Resta saber se o esforço de paz vai encorajar a Bélgica a levantar as suas reservas ou a manter-se ainda mais firme. O plano original de 28 pontos propunha um modelo que permitiria a Washington e a Moscovo beneficiarem dos ativos imobilizados.
O modelo controverso terá sido retirado após as conversações de Genebra e estão pendentes novas negociações.
Von der Leyen concluiu o seu discurso reiterando o seu apelo para aumentar a pressão sobre Moscovo e obrigar o país a pôr fim à guerra.
Desde fevereiro de 2022, a UE impôs 19 pacotes de sanções à Rússia. No mês passado, os EUA sancionaram as duas maiores empresas petrolíferas da Rússia, a Rosneft e a Lukoil.

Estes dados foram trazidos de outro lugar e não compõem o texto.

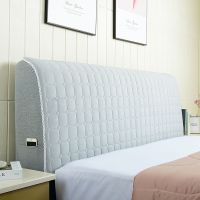 全包布艺床头罩软包床头套简约现代欧式防尘罩1.8m1.5米床保护套|绒布-浅灰色 1.9米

"Sim, a situação é complexa. Sim, a situação é volátil. Sim, a situação é perigosa. Mas acredito que existe também uma oportunidade para fazer verdadeiros progressos", afirmou von der Leyen.
"É nosso dever empenharmo-nos em todos e quaisquer esforços que possam conduzir a uma paz justa e duradoura. Sabemos que não será fácil. Mas temos de encontrar uma forma de avançar".